[Editor’s Note: the duo’s answers are furnished by Michael A. Muller (MM) and Rob Lowe (RL). The first half of photos are from Muller’s studio and the second from Lowe’s. There will be a note in the text indicating the transition.]
Let’s start at the very beginning. Can you tell us how you got involved in composing, and what was your very first piece of gear?
MM: My father bought me a 3/4-size classical concert guitar when I was 5 years of age due to my apparent keen interest in listening to music, dancing and emulating live performance. Just before I got my first guitar, I remember tying a shoestring to both ends of a broom handle and pretending to play “guitar” along with music in the house. My parents mostly listened to American and British rock-n-roll, with an occasional tinge of new age, reggae and doo-wop. My father played folk guitar and would sing my brother and me songs each night before bed. Usually some rendition of Bob Dylan, The Clancy Brothers or the Kingston Trio. I took some guitar lessons back then, but my attention span wasn’t quite ready. I also took a year of beginner piano but never fully invested my time and energy toward music until I was 12 years old and I got my first electric guitar (Fender Stratocaster) and started taking more serious lessons on basic guitar theory on a weekly basis. At that time, I was mainly interested in learning Metallica and Iron Maiden songs. Later in high school, after the grunge scene and a punk/hardcore phase, I became more interested in experimental and instrumental music — all stemming from the debut Tortoise album (1994). From Tortoise and other adjacent groups in the mid-late 90s like Rachel’s, Mogwai and slowly getting into more minimal artists like Brian Eno, I began to expand my musical mind and technique in writing in terms of what music was, what it could be and how I could express myself in my own specific musical voice. I learned how to play acoustic guitar and bass guitar during university, mixing in some alternate tunings and basic fingerpicking styles around the time I met Rob Lowe in the early 2000s. We each had several tracks of music we’d been working on separately. Around 2005, we started hanging out more and playing music together; adding on to the other’s compositions. It was all very organic, naïve, and we had zero forethought about what we were doing. At some point in early 2006, we realized we had around a dozen tracks that all sort of fit together. That collection of simple songs became our first album as Balmorhea, which we self-released in 2007.

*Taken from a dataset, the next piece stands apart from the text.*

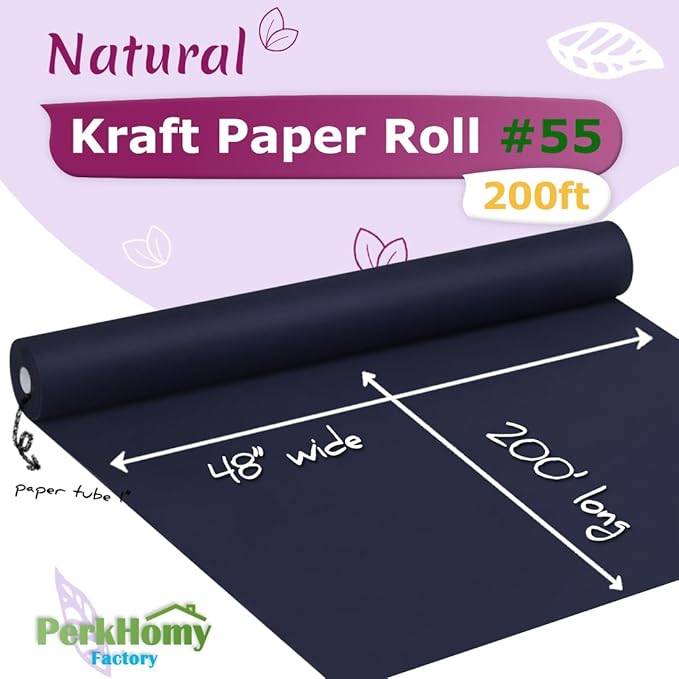 PerkHomy 48" x 2,400" (200') Navy Blue Kraft Paper Roll for Craft Bulletin Board Paper Art Table Covering Crafting Gift Wrapping Bouquet Packing Parcel 80GSM 55LB (Navy Blue, 48" x 200')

RL: I grew up singing in the choir in the church in my small home town and took piano lessons from a young age. I probably started writing my own music around the time I graduated high school, but really it was when Michael and I first came together in 2006 that I developed the confidence to create and present my own music to other people. My first piece of gear was probably the Avid Mbox that we recorded the first Balmorhea record on along with a lone SM57 mic. I had absolutely no idea what I was doing.

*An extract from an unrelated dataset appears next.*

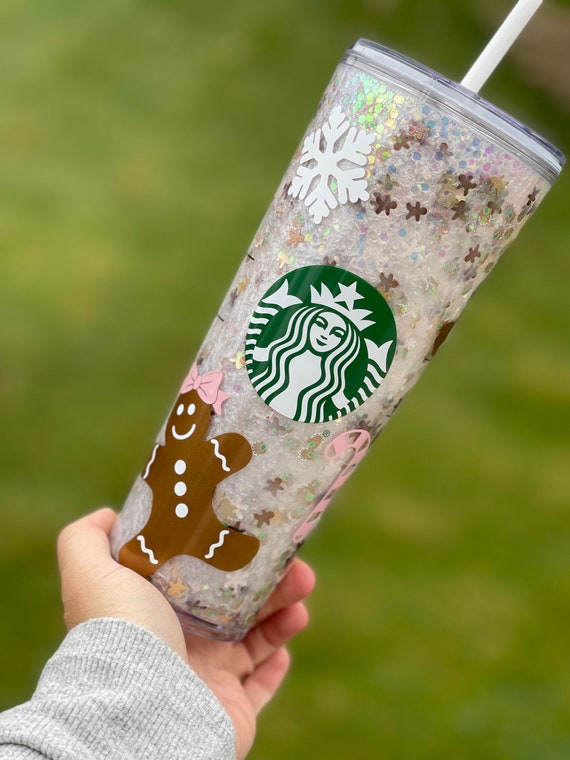 Custom Decal Stitch Starbucks Snowglobe Tumbler Snow Globe Stitch Cup  Glitter Snowglobe Stitch Cup Starbucks Snowglobe Tumbler Cup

How many different studio iterations have you gone through, and what does your final setup look like right now?
MM: Rob and I have never had a full-fledged “studio” solely for Balmorhea. We had a rustic rehearsal space that we kept in Austin between 2014 and 2019. Previously, we’d only write and rehearse in one another’s homes only to go into the recording studio when we had everything fully arranged, thoroughly rehearsed and ready to track. Around 2017 we both started dipping our toes into production in our own, separate spaces. Rob has a lot of key-based instruments, whereas I have a small collection of guitars, amps and pedals as my main writing tools. I’ve just moved to LA from Austin (December 2020) — so I’d say it’s only now that I have all of my gear in one room at the ready. It’s dead simple really: just a handful of decent mics, two mic pre-amps and a 2-channel converter/interface. I never track more than a stereo pair at once. Everything is intentionally kept pure and minimal. I like to treat any signal before it hits the mic pres. I don’t have any outboard hardware and only try to minimally use plug-ins when needed (EQ, compressor, limiter, etc.). For Balmorhea, we’ve done some commercial scoring, demoing and some minor overdubs in my previous space in Austin. We use my set up as a mobile rig when we have writing sessions at Rob’s family’s property on the Llano river out in the Texas Hill Country. We’ll pack up my interface, monitors and some mics and record demos on a laptop. We both really work well together in that dedicated environment. We ended up completing our remix for Vikingur Olafsson at the Lowe’s river house during a writing session last fall.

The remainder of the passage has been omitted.